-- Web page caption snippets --
————————
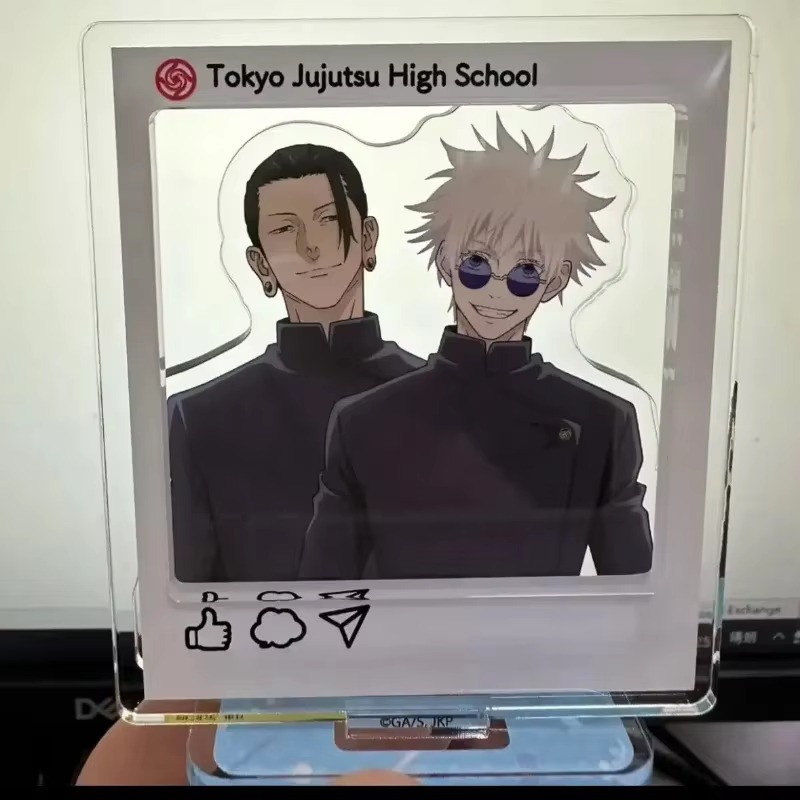Anime Gojo Satoru Getou Suguru - đánh giá và giá Anime Merchandise Figure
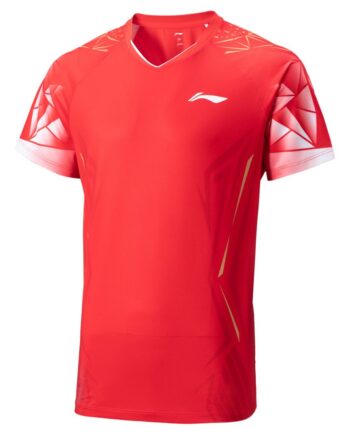 Li-ning Aayv021-  Play Cool  -shirt Red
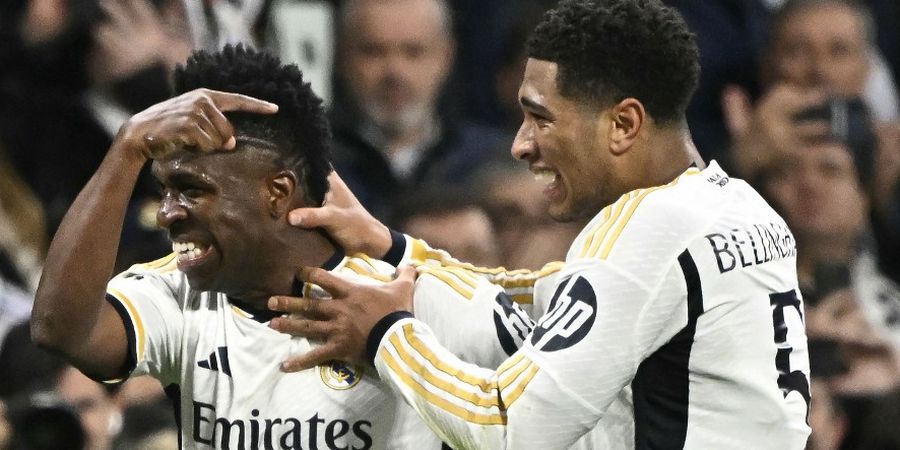 Tepis Fitnah, CEO Liga Arab Saudi Ancam La Liga: Beli Pemain Sekelas Vinicius Jr Itu Kecil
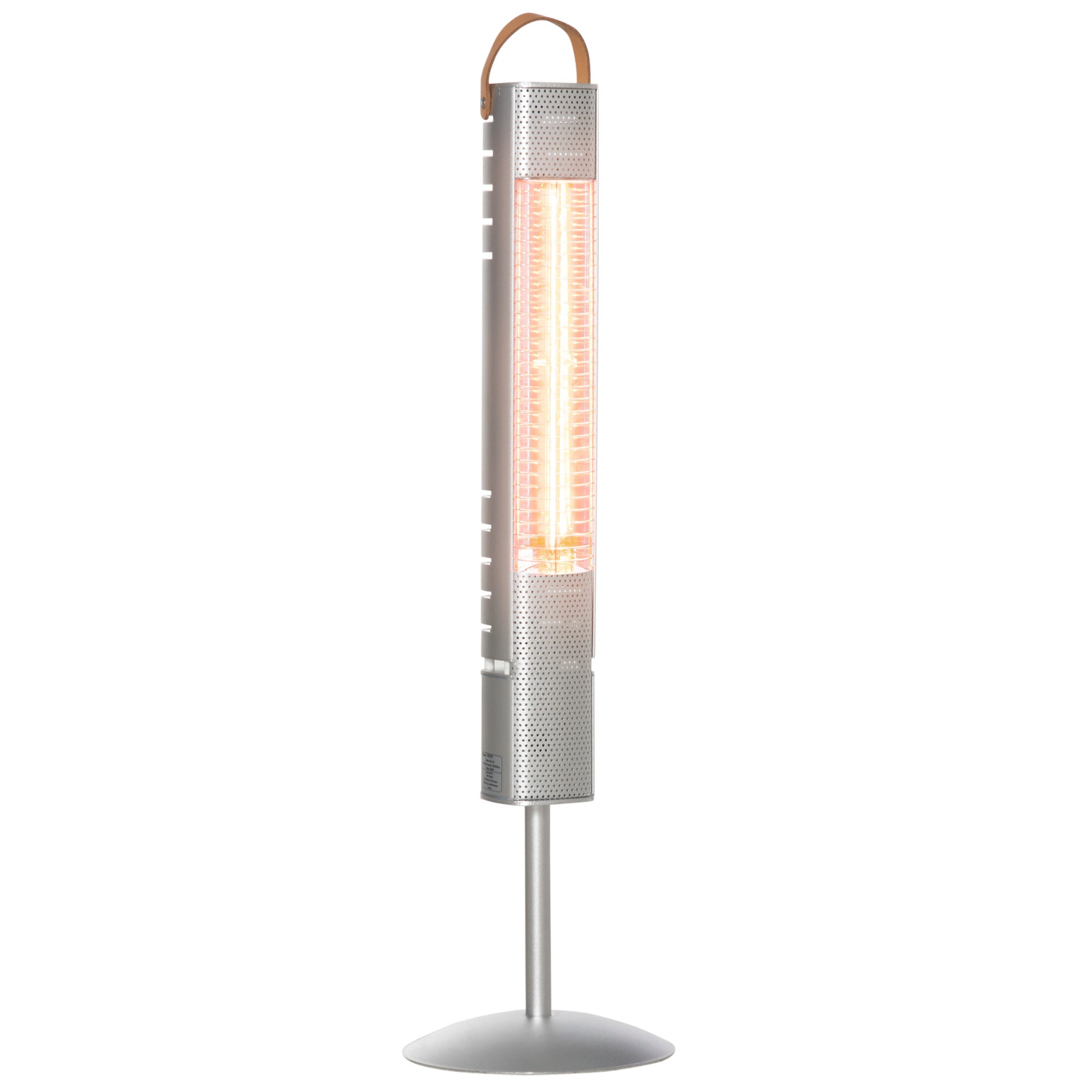 Radiant Infrarouge TERM2000 1500W Pour Extérieur – Silencieux, Mural Ou Plafond, IP44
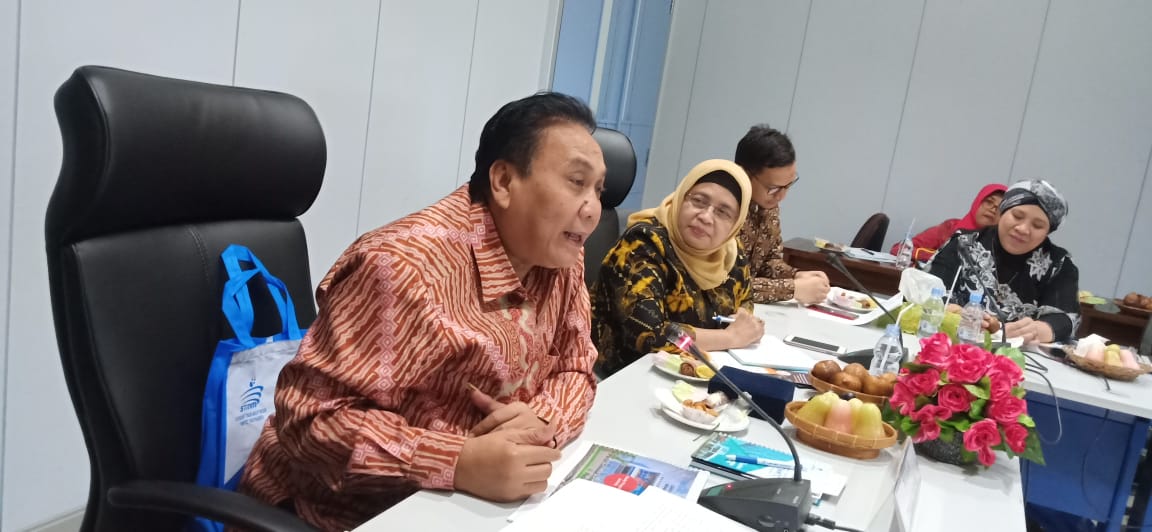 Komisi I DPR RI Dorong  STMM “MMTC”  Maksimalkan Peran Di Era Digital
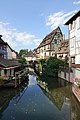 * Nomination Little Venice from the rue de Turenne bridge in Colmar (Haut-Rhin, France). --Gzen92 06:43, 17 June 2022 (UTC) * Promotion  Support Good quality. --Poco a poco 09:38, 17 June 2022 (UTC)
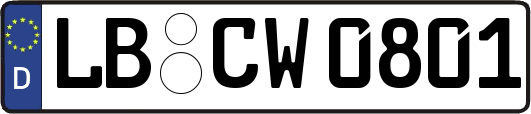 LB-CW0801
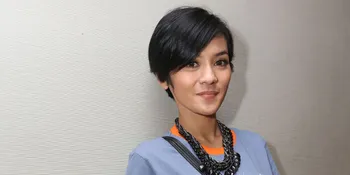 Meski Repot, Enno Lerian Tak Mau Pakai Jasa Baby Sitter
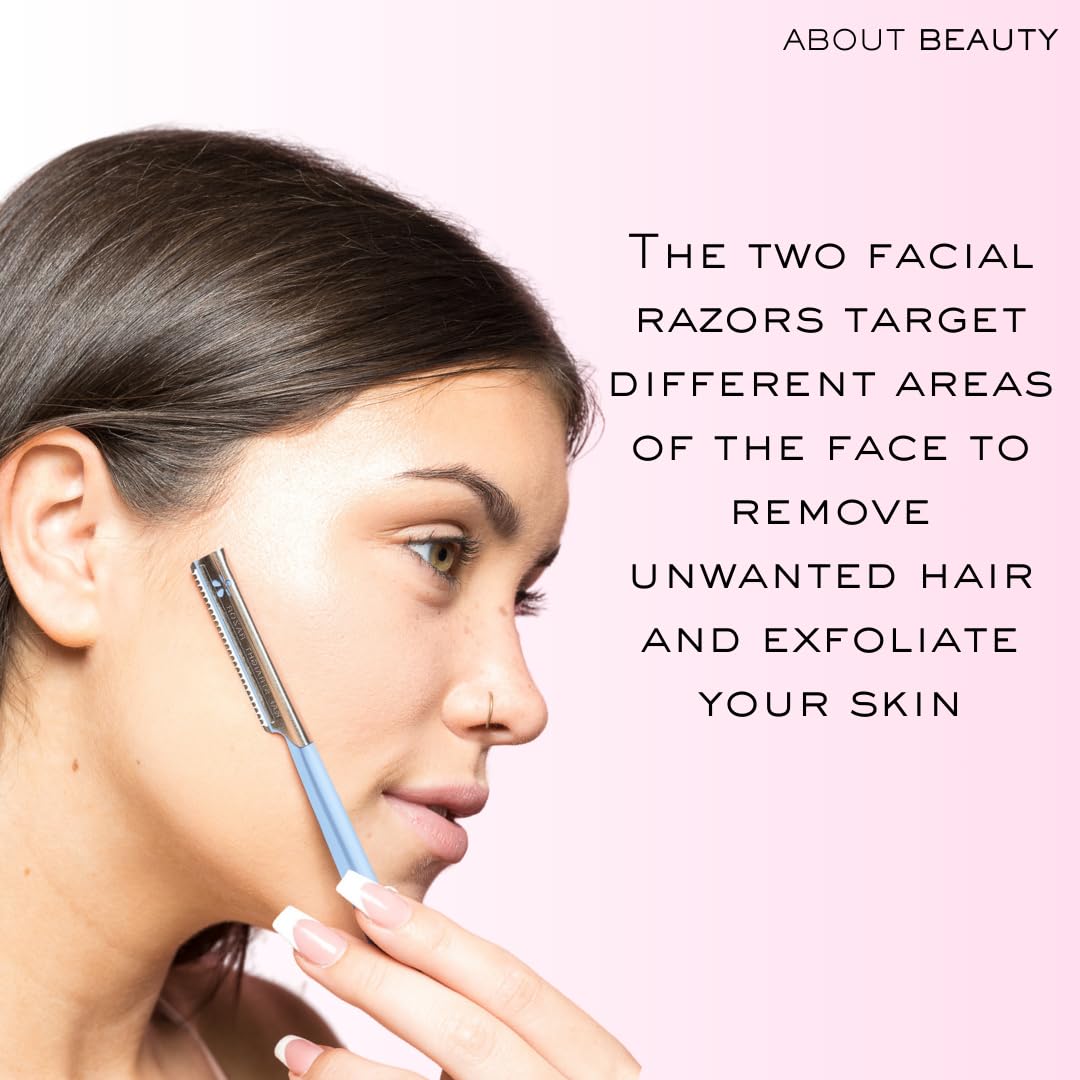 About Face Ultimate Complete Facial Perfecting Kit, 3 Count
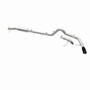 MagnaFlow CatBack for 21-24 Ford Bronco Rock Crawler Series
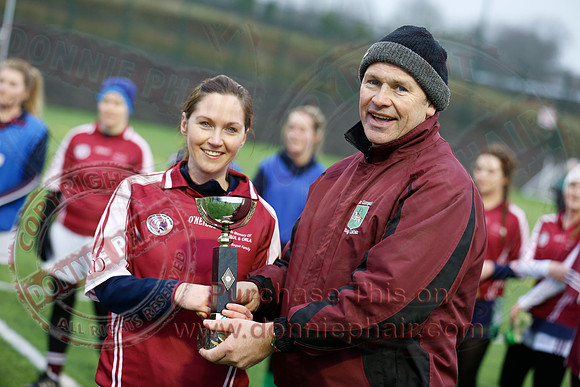 Tempo Townlands Seven-a-side GAA Tournament.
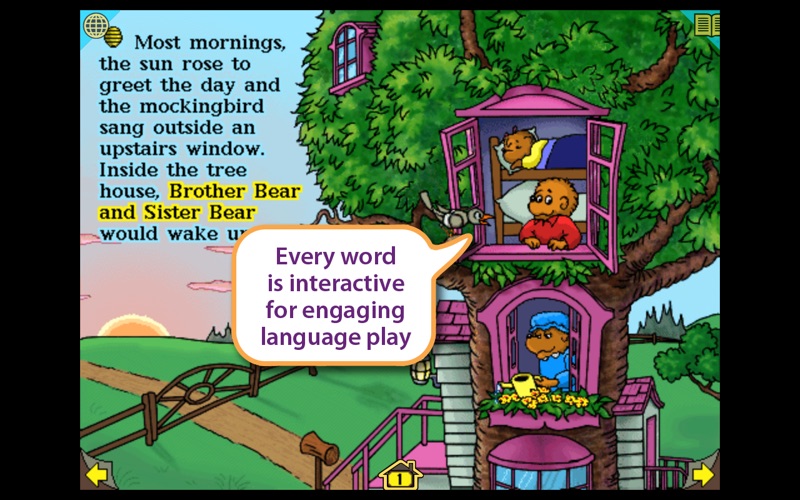 storybook sampler iphone screenshot 3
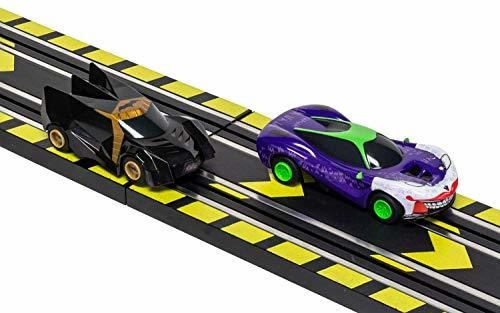 Micro Justice League Ban Vs Joker Batería 1:64 Slot Ca...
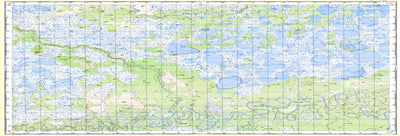 Avenza Systems Inc. Soviet Genshtab: p43-018-1_2 digital map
————————
-- WHAT IS NEEDED --
For this answer, return word for word the lines from the first line of the records through the line containing "Komisi I DPR". Omit the pictures.

-- REPLY --
Anime Gojo Satoru Getou Suguru - đánh giá và giá Anime Merchandise Figure
 Li-ning Aayv021-  Play Cool  -shirt Red
 Tepis Fitnah, CEO Liga Arab Saudi Ancam La Liga: Beli Pemain Sekelas Vinicius Jr Itu Kecil
 Radiant Infrarouge TERM2000 1500W Pour Extérieur – Silencieux, Mural Ou Plafond, IP44
 Komisi I DPR RI Dorong  STMM “MMTC”  Maksimalkan Peran Di Era Digital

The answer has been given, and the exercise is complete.